Does Ingraham really believe the crap she peddles? It doesn’t really matter, because the low-education people she preaches to at Fox “News” believe it, whether she does or not. She’s an authority figure; she has Trump’s ear, and so when she assures them that if they wear their MAGA hats and then go out and call a gay person a “fag,” or call a Black person a “nigger,” or tell a person with a foreign accent to “go back to your country,” they’re actually expressing “tolerance, kindness and inclusiveness.” If you point out to them that insulting people with racial, ethnic or homophobic slurs is hateful rather than loving, you get accused of spreading “fake news” and being a “snowflake.”

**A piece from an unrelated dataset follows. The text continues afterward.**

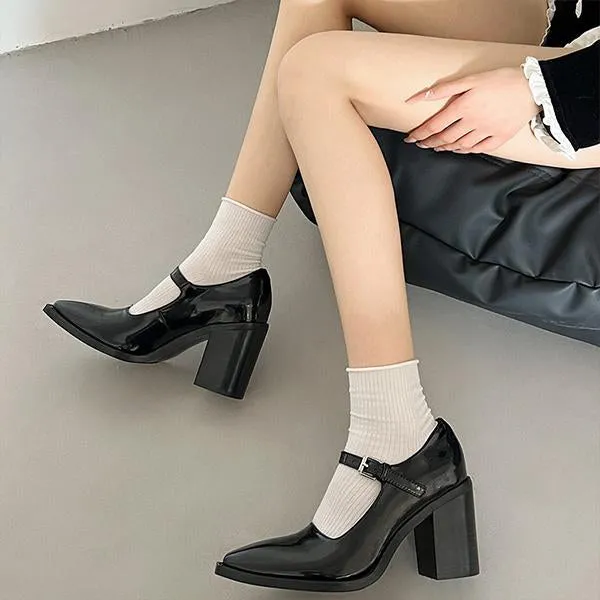 Women's Retro Pointed Toe Block Heels Mary Jane 24403602S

I’ll tell you where the battle line is now being drawn: white men under the age of 30. They’re going to have to choose which side to be on: the side of their fathers and uncles, who support Trump, or the side of fairness, decency, inclusion and diversity. It’s not easy supporting diversity. It means you have to live side-by-side with humans who don’t look like you, or embrace your beliefs, or whose cultural practices seem strange. Tolerance is a big word, but being tolerant is even bigger: it’s a live-and-let-live philosophy that allows every non-violent American the right to live, marry and associate with whomever he or she chooses.

This is what the modern Republican Party cannot endure. It’s what most Americans yearn for: their better angels implore them forward. And this is why California is the bluest state in the country: because we’re on the side of the angels.

  1. Bob Rossi says:

    ” His current goal is to become Chairman of the California Republican Party”
    Probably not a lot of competition for that position.